Fast gleichzeitig sind zwei große wissenschaftliche Kommentare zur Apostelgeschichte erschienen, die manche Gemeinsamkeiten aufweisen. Deren äußerlich auffälligste sei zuerst erwähnt: Beiden Verfassern ist das Kunststück gelungen, die Apostelgeschichte, die umfangreichste neutestamentliche Schrift, in einem einzigen Band auszulegen, und zwar ohne Abstriche am wissenschaftlichen Niveau.
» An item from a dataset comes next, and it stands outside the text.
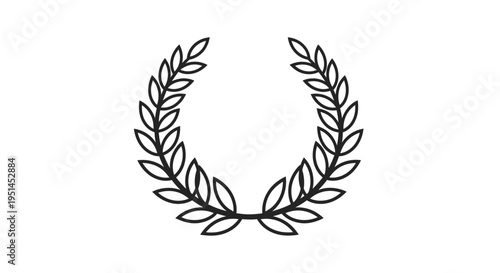A simple, elegant black outline illustration of a classic laurel wreath, symbolizing victory, achievement, and honor, on a clean white background.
Ob man darin wohl ein Zeichen dafür sehen darf, dass der Trend zu umfangmäßig ausufernden mehrbändigen Kommentaren letztlich doch nicht so unaufhaltsam ist, wie es den Anschein hatte, weil ihm nicht nur die harten Realitäten des wissenschaftlichen Buchmarktes, sondern auch die begrenzte Kapazität der Leserinnen und Leser Grenzen setzt? Solche Begrenzung erfordert zwar den Verzicht auf ausführliche Diskussionen von Einzelproblemen und detaillierte kritische Auseinandersetzung mit der Literatur. Doch dieses Defizit wird durch Klarheit der Linienführung, Überschaubarkeit und Geschlossenheit der Auslegung m. E. mehr als ausgeglichen. Zwei ermutigende Beispiele also, die Schule machen sollten!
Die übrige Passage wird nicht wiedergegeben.